Give 'em what they really want: Online dollars to use as they please

With 11 nieces and nephews spread across the country, Bruce Kin Huie of San Francisco finds it difficult to be the "doting uncle" he wants to be at Christmas.

Last year Huie sent checks, which he found a bit impersonal, for kids who range in age from 1 to 16.

"I don't know what they're interested in because I see them once or twice a year," he said in a telephone interview.

This year Huie, 52, is budgeting about $40 per child, and is asking them for wish lists on, a Web site that helps people give the gift of money for specific gifts that people want. One of his nephews, for example, is into triathlons and will get $40 in a PayPal transfer from his uncle to buy himself some triathlon gear.
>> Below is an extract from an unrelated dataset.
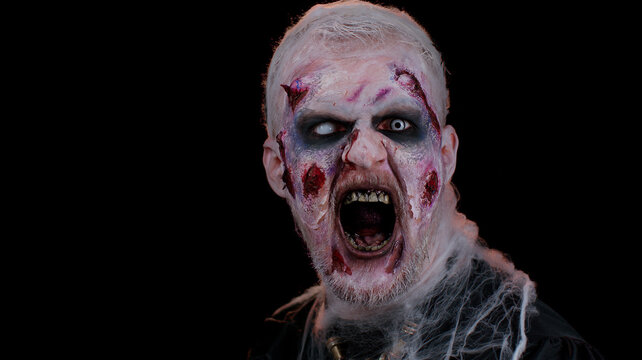 Frightening man with Halloween zombie bloody wounded makeup, trying to scare, face expressions. Horror theme. Sinister undead guy isolated on studio black background. Voodoo rituals. Fashion body art
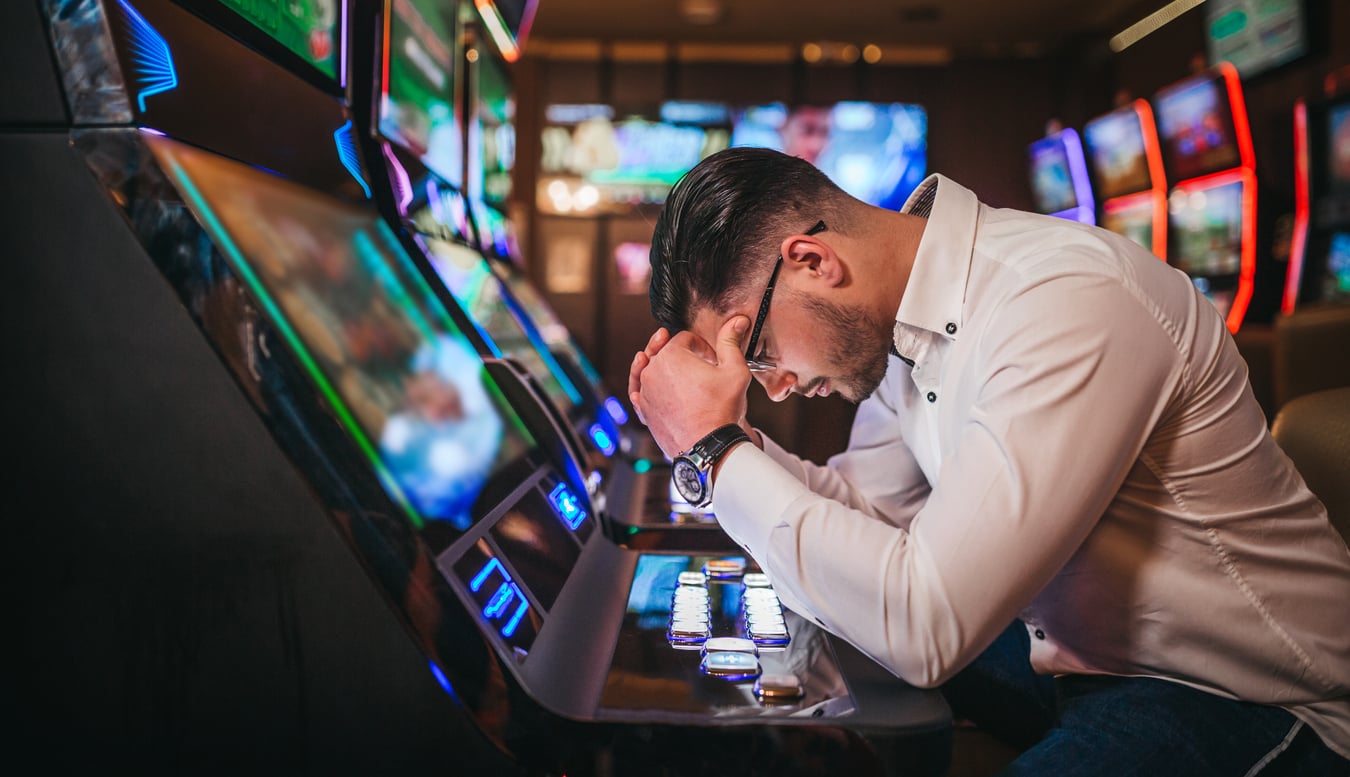 A man sits at a slot machine in a casino, leaning forward with his head in his hand, appearing stressed or upset—perhaps wishing he'd looked up some Vegas money-saving tips as colorful gaming machine lights glow around him.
"This year I get to know a little bit about what their interests are," Huie said.

Whether his relatives will spend the gift money on the wish list item he designated it for is up in the air. Huie considers it better than sending a check or gift card, which is impersonal. And sending a physical gift may not be what they want, he said.

"It's like getting money in a card online," he said, adding that he thinks an online card makes it more personal.

"This is an online way to really keep them connected to me," he said.

That's one of the points of Lottay, Harry Lin, the company's CEO, told me in a telephone interview. It adds a personal touch that gift card can't give. Gift cards sometimes have hidden fees, and much of the profit from them is through "breakage" when users don't use them before they expire, Lin said.

There's also the awkwardness of giving money for Christmas, which Lottay tries to get around by adding gift cards and wish lists into the mix.

"Recipients love money as a gift but senders feel a little squeamish about it," Lim said.

If an online gift card and wish list are enough to convince you that this isn't a cash gift, then Merry Christmas. For me, it still looks like a cash gift, although I can see the benefit of at least giving money toward a gift that someone really wants but won't likely get because it costs too much.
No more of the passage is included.